• **Required work**
Within the listing below, please copy exactly the lines between the line holding "631 E Fulton St #5 — Photo 7" and the line holding "<strong>Adrian Mutu</strong><br>", inclusive.

• **Exercise materials**
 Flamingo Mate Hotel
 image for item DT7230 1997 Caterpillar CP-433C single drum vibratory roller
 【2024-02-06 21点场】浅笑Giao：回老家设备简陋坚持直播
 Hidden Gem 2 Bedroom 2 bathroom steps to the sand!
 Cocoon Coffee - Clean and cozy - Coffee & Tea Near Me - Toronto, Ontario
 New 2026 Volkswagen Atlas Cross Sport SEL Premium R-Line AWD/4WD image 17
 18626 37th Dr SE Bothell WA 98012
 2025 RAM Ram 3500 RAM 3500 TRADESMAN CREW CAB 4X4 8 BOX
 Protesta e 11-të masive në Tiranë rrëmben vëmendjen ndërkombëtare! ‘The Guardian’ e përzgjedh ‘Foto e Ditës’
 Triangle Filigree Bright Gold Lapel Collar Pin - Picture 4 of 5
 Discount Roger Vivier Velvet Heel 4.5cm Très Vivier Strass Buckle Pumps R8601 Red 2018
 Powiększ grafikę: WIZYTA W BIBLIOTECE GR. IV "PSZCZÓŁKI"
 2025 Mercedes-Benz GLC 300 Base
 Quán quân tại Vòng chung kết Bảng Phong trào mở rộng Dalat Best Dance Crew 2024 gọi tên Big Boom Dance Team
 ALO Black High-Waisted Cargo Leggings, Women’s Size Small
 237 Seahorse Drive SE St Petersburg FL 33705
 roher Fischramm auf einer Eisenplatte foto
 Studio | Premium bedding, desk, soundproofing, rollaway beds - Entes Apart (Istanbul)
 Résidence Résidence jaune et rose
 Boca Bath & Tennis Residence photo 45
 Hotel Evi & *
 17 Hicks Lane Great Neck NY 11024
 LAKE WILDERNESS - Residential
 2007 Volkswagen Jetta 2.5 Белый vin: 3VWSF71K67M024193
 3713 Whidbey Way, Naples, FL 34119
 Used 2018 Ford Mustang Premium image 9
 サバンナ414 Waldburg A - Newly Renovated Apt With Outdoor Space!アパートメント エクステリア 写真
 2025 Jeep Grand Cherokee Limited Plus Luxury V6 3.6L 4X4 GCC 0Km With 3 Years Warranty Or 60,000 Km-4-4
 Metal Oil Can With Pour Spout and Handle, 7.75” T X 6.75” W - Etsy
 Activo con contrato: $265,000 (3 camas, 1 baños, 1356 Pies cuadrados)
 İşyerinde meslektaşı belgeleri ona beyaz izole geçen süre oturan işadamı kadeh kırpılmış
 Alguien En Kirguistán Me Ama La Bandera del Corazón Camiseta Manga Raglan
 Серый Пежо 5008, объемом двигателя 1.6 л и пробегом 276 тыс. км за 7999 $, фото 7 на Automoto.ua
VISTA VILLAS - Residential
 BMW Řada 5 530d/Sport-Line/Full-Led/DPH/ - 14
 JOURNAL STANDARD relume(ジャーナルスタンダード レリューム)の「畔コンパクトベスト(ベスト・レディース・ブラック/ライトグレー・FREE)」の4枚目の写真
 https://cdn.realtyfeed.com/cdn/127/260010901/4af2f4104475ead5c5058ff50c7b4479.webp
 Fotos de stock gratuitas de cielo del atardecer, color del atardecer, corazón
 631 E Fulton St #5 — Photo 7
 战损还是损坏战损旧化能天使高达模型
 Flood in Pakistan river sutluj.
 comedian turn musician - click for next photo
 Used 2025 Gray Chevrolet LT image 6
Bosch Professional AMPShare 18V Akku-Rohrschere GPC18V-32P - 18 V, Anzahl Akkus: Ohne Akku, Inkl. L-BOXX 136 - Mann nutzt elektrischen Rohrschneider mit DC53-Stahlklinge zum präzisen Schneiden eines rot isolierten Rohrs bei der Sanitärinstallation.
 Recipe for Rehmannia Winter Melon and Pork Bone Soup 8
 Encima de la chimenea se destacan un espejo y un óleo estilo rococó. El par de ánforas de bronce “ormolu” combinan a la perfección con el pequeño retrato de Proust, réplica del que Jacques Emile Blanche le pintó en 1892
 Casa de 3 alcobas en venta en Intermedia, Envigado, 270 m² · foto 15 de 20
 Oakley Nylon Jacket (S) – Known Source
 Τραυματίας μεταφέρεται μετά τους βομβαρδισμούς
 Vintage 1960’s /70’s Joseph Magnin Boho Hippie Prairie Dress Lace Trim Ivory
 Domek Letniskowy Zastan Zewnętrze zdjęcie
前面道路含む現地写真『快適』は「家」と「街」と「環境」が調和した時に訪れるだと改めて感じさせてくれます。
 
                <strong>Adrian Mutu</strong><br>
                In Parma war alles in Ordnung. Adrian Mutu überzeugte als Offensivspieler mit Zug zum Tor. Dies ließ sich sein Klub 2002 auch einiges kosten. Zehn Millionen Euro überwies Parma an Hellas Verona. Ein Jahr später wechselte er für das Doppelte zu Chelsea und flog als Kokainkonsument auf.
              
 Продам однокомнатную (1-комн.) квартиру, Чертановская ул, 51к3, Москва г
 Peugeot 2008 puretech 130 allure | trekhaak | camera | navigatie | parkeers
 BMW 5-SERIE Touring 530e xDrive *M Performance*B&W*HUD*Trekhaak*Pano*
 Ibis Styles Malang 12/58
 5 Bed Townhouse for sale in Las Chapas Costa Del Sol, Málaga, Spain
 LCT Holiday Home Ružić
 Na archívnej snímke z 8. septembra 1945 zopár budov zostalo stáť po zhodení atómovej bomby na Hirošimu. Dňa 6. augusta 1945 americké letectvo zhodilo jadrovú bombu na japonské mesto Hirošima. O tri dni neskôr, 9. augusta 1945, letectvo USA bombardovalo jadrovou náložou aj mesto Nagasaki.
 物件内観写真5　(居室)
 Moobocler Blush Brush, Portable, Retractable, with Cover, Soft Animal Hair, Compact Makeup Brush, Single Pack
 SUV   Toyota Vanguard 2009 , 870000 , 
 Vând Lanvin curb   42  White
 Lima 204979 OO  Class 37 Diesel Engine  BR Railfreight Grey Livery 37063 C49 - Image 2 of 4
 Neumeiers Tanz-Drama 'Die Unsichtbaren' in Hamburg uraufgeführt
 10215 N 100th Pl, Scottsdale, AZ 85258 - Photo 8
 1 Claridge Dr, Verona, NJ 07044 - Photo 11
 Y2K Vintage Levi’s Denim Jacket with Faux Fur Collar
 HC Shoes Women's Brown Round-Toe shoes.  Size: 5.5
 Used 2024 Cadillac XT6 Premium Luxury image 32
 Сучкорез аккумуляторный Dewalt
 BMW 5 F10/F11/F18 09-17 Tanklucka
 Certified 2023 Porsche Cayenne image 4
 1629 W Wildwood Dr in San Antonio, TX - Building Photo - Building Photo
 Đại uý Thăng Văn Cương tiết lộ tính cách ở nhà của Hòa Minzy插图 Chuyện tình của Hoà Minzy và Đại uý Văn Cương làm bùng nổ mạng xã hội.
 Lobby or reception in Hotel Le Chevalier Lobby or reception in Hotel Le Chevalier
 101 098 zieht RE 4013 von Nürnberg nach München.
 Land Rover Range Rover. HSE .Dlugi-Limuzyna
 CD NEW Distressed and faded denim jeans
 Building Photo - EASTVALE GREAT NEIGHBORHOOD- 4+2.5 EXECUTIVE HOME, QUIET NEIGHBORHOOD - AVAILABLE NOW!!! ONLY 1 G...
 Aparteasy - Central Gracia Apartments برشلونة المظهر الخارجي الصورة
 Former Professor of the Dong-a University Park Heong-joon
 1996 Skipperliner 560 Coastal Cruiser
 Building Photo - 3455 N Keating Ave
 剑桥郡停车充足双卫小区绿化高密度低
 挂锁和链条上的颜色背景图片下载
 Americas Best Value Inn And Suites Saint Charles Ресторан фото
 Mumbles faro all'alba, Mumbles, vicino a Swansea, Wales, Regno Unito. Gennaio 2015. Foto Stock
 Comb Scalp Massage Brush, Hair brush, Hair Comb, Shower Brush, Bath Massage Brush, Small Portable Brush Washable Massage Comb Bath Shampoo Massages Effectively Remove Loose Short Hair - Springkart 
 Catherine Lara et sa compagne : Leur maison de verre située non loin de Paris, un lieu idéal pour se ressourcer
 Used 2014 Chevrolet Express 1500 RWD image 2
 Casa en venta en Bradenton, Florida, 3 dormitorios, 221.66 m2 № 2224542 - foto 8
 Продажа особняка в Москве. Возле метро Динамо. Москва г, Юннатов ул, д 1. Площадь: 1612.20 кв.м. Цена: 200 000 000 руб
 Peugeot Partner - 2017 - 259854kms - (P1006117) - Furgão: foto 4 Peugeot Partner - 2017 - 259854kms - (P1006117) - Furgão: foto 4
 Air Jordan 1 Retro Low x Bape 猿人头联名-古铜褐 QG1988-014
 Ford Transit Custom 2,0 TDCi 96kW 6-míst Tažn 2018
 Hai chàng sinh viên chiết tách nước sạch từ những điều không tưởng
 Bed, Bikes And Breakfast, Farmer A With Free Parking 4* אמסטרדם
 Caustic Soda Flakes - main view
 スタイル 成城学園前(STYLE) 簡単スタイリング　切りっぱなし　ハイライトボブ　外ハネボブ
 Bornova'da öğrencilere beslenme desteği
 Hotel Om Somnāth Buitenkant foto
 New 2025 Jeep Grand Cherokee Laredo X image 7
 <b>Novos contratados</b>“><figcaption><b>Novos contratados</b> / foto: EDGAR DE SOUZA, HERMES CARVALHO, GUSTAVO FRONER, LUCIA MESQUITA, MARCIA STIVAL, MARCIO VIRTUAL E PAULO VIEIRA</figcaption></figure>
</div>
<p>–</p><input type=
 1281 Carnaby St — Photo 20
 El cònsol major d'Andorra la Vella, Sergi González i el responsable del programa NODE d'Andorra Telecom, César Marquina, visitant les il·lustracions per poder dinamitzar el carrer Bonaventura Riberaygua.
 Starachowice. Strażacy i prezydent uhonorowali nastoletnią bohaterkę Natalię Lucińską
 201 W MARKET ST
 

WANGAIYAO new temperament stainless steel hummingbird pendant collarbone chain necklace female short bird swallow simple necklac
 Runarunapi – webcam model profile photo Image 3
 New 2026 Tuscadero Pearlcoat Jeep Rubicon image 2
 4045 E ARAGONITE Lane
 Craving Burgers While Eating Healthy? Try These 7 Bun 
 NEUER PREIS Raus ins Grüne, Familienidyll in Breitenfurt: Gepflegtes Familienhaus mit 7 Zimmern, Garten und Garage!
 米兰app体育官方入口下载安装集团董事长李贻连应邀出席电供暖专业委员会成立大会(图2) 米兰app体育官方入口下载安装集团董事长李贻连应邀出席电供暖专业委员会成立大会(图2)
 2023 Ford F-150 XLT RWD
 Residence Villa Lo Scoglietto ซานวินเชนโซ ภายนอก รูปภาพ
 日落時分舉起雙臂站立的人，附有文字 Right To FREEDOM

• **The completed task**
 631 E Fulton St #5 — Photo 7
 战损还是损坏战损旧化能天使高达模型
 Flood in Pakistan river sutluj.
 comedian turn musician - click for next photo
 Used 2025 Gray Chevrolet LT image 6
Bosch Professional AMPShare 18V Akku-Rohrschere GPC18V-32P - 18 V, Anzahl Akkus: Ohne Akku, Inkl. L-BOXX 136 - Mann nutzt elektrischen Rohrschneider mit DC53-Stahlklinge zum präzisen Schneiden eines rot isolierten Rohrs bei der Sanitärinstallation.
 Recipe for Rehmannia Winter Melon and Pork Bone Soup 8
 Encima de la chimenea se destacan un espejo y un óleo estilo rococó. El par de ánforas de bronce “ormolu” combinan a la perfección con el pequeño retrato de Proust, réplica del que Jacques Emile Blanche le pintó en 1892
 Casa de 3 alcobas en venta en Intermedia, Envigado, 270 m² · foto 15 de 20
 Oakley Nylon Jacket (S) – Known Source
 Τραυματίας μεταφέρεται μετά τους βομβαρδισμούς
 Vintage 1960’s /70’s Joseph Magnin Boho Hippie Prairie Dress Lace Trim Ivory
 Domek Letniskowy Zastan Zewnętrze zdjęcie
前面道路含む現地写真『快適』は「家」と「街」と「環境」が調和した時に訪れるだと改めて感じさせてくれます。
 
                <strong>Adrian Mutu</strong><br>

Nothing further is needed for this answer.